S&P Cuts Japanese Sovereign Outlook on Escalating Disaster Cost
Standard and Poor's threatened to cut Japan's sovereign rating on Wednesday, noting that the escalating cost of last month's devastating earthquake and tsunami will damage the country's already shaky public finances.
"We revised the outlook on the long-term rating on Japan to negative to reflect the potential for a downgrade if fiscal deterioration materially exceeds these estimates in the absence of greater fiscal consolidation," S&P said in a statement.
"In light of the evolving developments at the TEPCO nuclear power plant, in particular, we regard these projections as uncertain. Much will depend on Japan's political leadership and its ability to forge a political consensus on how to offset fiscal measures in the future," it said.
Japan has struggled since the March earthquake and tsunami.
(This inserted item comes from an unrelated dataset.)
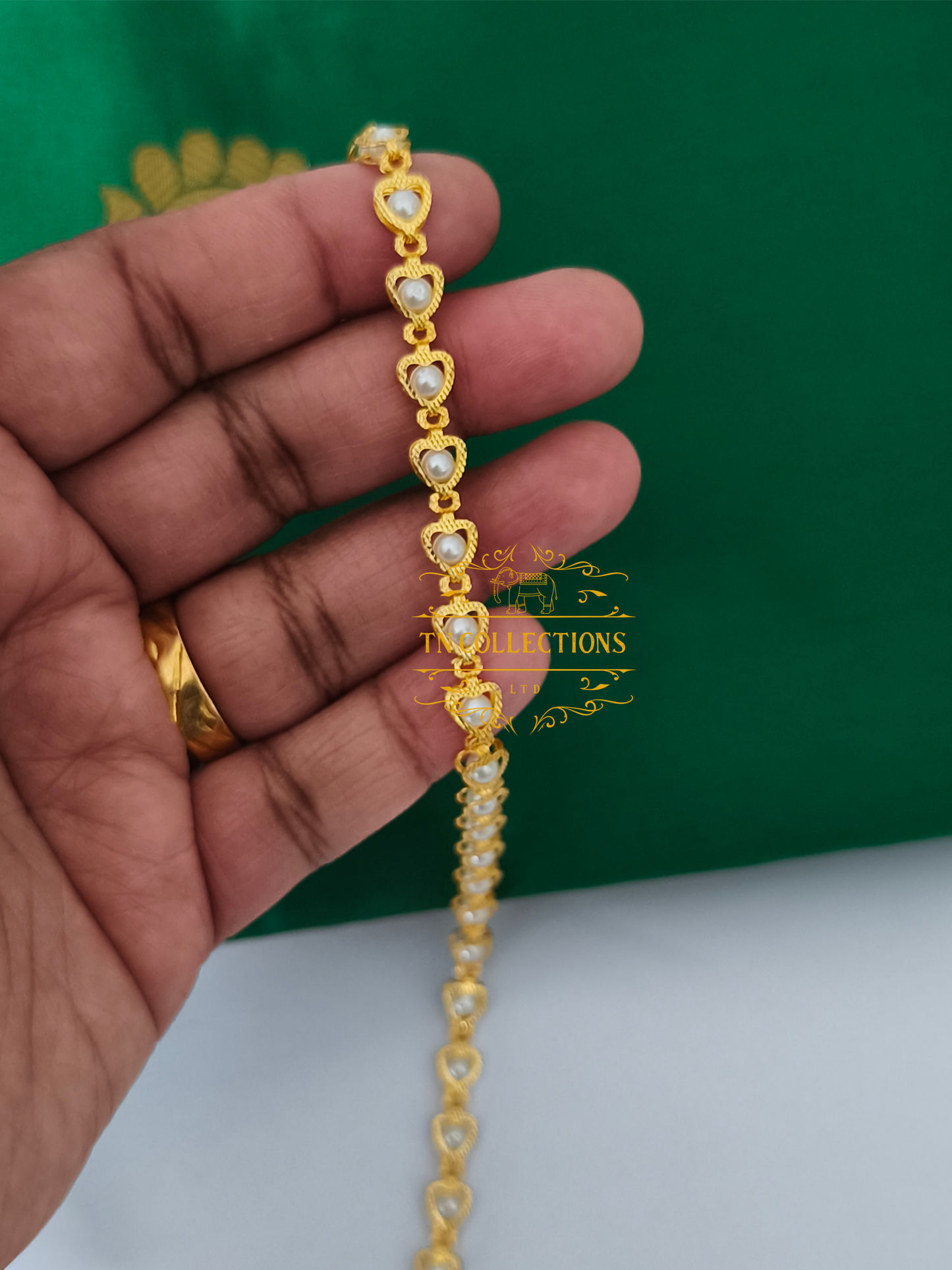 Micro Gold-Plated Shell Pearl Hip Chain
The country is expected to pay more than $300 billion in costs related to damages, which would make it the most expensive in history.
According to a Reuters report, "The credit rating agency, which had cut Japan's rating in January for the first time since 2002, said costs related to the March 11 earthquake, tsunami and ensuing nuclear power plant crisis will increase Tokyo's fiscal deficit above prior estimates by a cumulative 3.7 percent of GDP through 2013."
Japan's Nikkei index gained 1.4% on Wednesday, benefiting from a boost after Japanese and U.S. corporate earnings came in better than expected.